An attorney who argued a controversial property rights case before the U.S. Supreme Court says Iowa homeowners need more protection from their government. Scott Bullock of the Institute for Justice represented a group of Connecticut homeowners fighting their local government’s decision to condemn their land for private development.
Bullock says when the nation’s highest court ruled against those homeowners, they opened the floodgates.”Homes are already being taken for shopping malls,” Bullock says. “In July of last year the city of Sunset Hills, Missouri, outside of St. Louis, approved the condemnation of 85 homes and small businesses to give (the land) to a private developer to build a $165 million shopping mall.”
Bullock says Alabama, Texas and South Dakota have all strengthened their private property laws in the wake of the court case, and during remarks Tuesday afternoon to a committee in the Iowa Senate, Bullock urged Iowa lawmakers to follow suit. “Unless the law is changed in Iowa, these abuses will not only continue but they will increase,” Bullock says. The Iowa League of Cities opposes new limits on local governments’ power to condemn private property.

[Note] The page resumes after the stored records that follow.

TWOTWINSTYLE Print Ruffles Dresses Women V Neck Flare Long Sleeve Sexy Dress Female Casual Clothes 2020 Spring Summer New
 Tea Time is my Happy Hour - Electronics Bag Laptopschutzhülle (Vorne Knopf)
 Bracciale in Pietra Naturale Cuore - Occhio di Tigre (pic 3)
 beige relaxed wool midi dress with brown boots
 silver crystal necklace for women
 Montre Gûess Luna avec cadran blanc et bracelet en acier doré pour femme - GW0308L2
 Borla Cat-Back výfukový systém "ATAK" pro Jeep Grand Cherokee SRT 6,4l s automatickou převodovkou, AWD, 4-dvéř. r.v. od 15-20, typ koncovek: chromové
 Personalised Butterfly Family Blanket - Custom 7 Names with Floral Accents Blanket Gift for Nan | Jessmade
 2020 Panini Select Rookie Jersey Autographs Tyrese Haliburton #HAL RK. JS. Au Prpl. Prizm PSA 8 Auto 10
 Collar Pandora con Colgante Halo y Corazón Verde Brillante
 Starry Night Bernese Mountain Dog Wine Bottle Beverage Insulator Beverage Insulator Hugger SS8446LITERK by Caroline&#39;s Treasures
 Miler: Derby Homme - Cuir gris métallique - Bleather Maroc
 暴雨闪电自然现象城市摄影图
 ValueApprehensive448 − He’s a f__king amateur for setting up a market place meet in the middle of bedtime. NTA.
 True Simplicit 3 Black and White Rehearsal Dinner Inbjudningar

The League’s Susan Judkins says homeowners are well-protected under current law. “We think that Iowa’s law is very strong already,” she says. “However, we are cooperating with legislators to see if there are ways to put additional safeguards in place that don’t unduly shackle the hands of cities.” Judkins says cities must be able to condemn unsafe or blighted property in order to spur economic development.
Judkins says there’s no evidence to suggest Iowa cities and counties are abusing their powers to condemn property. “Fears that have been generated by this court case truly are unfounded,” Judkins says. The Iowa Chamber Alliance which represents the 17 largest city chambers of commerce in Iowa also opposes the effort to restrict local governments’ power to condemn blighted land for economic development projects. The Iowa House has already passed a bill that would place new restrictions on local governments in such cases. Similar legislation is pending in the Senate.